PBI has been accompanying Multisector Chinautla for 5 years. The residents of the municipality of Chinautla, located about 10 kilometers from the capital city, are organized into different collectives, all of whom are affected by large-scale clay extraction. Clay mining activities in the area have been present for decades, but the form of mining has changed drastically over time. Fifty years ago, clay was extracted on a small scale for the purpose of artisanal production in the area. However, during Arnoldo Medrano's term as mayor (1986-2014),1 he began the process of industrial extraction using machinery and trucks from the capital. The licenses to extract clay on a large scale were granted by the mayor but without consultation with the affected communities. The right to free, prior and informed consent is one of Multisector’s demands.
Another problem which has had a huge impact on the population of this area is the pollution from the rivers that carry waste from the garbage dump in Zone 3 of the capital. As a result of this situation, the communities decided to establish a sit-in at km 12 in June 2022, to call attention to these problems, demand the closure of the clay companies and actions by the municipality of Guatemala City to control the diversion of their waste into the rivers that flow through the municipality.
A series of reports from various state institutions have highlighted that "Chinautla is located on the earth from an ancient landslide in a geologically unstable area due to the existence of several faults, in addition to other anthropogenic activities such as the increase in housing, illegal garbage dumps, deforestation for agricultural use" and the "lack of land use planning." According to a study carried out by Alejandro del Aguila, these reports repeatedly deny, or try to diminish, the relationship between the extraction by the clay companies and the gradual but continuous destruction of infrastructure and housing in the area.
During one of our visits to the Multisector sit-in, Efraín Martínez, a Poqomán authority and one of the community leaders of the Resistance, took us for a walk along the roadside to show us the damage being caused by sand extraction and the constant truck traffic passing. It was even difficult to sustain a conversation with the constant noise.
Listen to some minutes of the background noise of the sit-in:
The residents we visited shared with us how the deterioration of the houses and the road that passes through the clay pits and continues to Chuarrancho began to intensify 10 years ago. The earth broke loose and sank some 2-3 meters, causing the road to break and some of the houses on the side of the road to collapse. Efraín explains that the clay companies originally had permits to dig one meter deep, but in reality they dig to a depth of four or five meters. They also ignore the limits on the number of clay trucks that can enter per day. These activities cause holes in the ground that fill with water and loosen the subsoil. The permanent heavy haulage leads to the deterioration of the asphalt on the road. The Ministry of Energy and Mines (MEM) has made four inspections of the clay companies over the last 25 years to verify that they are complying with the excavation permits, but apparently did not take note of the damage that has occurred. Nor did they react to two reports from the National Coordinator for Disaster Reduction (CONRED) which confirmed the concerns of neighbors about their homes and land in Chinautla.

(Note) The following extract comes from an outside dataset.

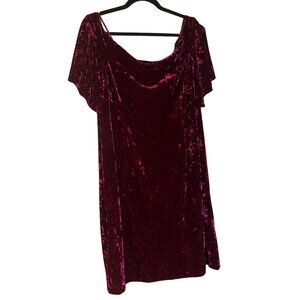 Gorgeous Velour Deep Magenta Off-the-Shoulder Dress // Eliza J. Women's Size 18W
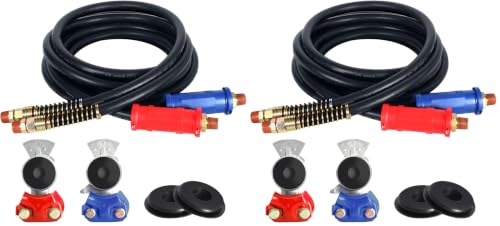 Image of TIROL 12FT Semi Truck Air Lines Kit 2 IN 1 Air Hose for Semi Truck Trailer (Pack of 2)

Visits to the neighborhood
We pass by the house of Don Juan José, 2 who has lived on the side of the road for 35 years, since he bought the land where he built a house for his family. However, 10 years ago, the land under his house began to collapse, which ended up taking his son's house, built in front of his own, with it. To stabilize his own house he has built a 3-4 meter high hill, made of tires filled with sand, to prevent future landslides.

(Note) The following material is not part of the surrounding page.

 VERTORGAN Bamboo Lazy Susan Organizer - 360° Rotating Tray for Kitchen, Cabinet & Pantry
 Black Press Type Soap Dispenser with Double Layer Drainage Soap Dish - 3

Going down the road towards the sand pits, we meet Carmen, who invites us to see her land, on which there are two houses made of wood and corrugated iron sheets. "Ten years ago our house began sinking, little by little, within two years our house was completely gone. The place where we’re standing now is filled with earth, but it used to be our house. And we can't make a nice house with bricks anymore, because it's going to be ruined again with the earth movements and from the trucks." She shows us a house three meters away that is almost two meters higher than where we are standing. The house that disappeared used to be on the same height. Carmen, who is 35 years old and was born here, tells us that she has seen many changes over time: "I remember when I was seven years old, there were crops on the river bank, tomatoes, flowers, chilies, herbs, achiote, there grew the grandparents; and beautiful streams where we went to wash clothes." These crops had been enough to ensure the livelihood of the population, but the increase of clay extractions caused a crisis. "Nothing grows on the riverbank anymore, which is full of garbage coming from the capital. Nowadays people have to go to the capital to look for work; women wash clothes, clean houses, or buy and sell different products, that’s the only way to generate income."

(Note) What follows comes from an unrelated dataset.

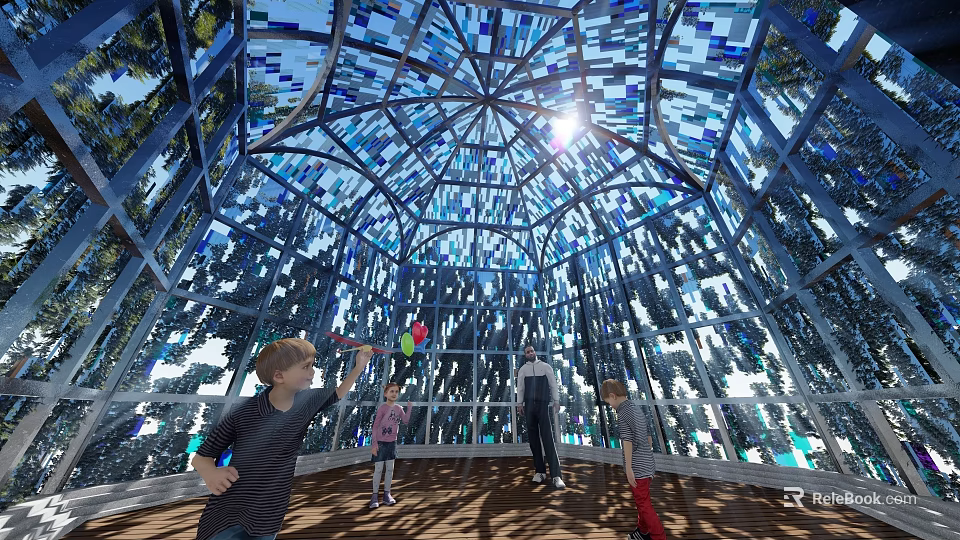 Garden Feature Glass Dome with Blue Glass Sunlight Streaming Through Wooden Floor Children Playing 3d model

Another serious problem that this crisis has caused is the lack of water. "They send us water for an hour every eight days, sometimes every 15, and it can come at any hour, so we have to be attentive to fill the barrels. A barrel for washing clothes and bathing lasts us three days. We have to buy bottled water that cost us between Q10 and Q16 each for drinking and cooking, and we need about three or more a week, just to make fresh coffee and soup."
Doña Manuela’s is a potter and mother. We observe how the roadside in front of her house is broken causing the road to her house to narrow, while the road itself has sunk by about two meters. She confirms the water shortage they are experiencing, because "we only get water every eight days. And when we run out, we have to go to the municipal swimming pool that is two kilometers from here, we have to go by bus, we have to look for water to wash everything, for the clothes and for the family." Pointing to the river that passes in front of her house, about 100 meters away, she recalls how "there used to be water here, there used to be beautiful water. There were tomato and apazote plants. But now you can't find any of that anymore. Everything has been lost because of the polluted water they are sending us. That's why we don't grow anything anymore. The capital sends all its sewage through here, when it rains, the river swells with all the dirt that comes, it’s a horrendous smell, a stench, and we have to put up with it because we live here."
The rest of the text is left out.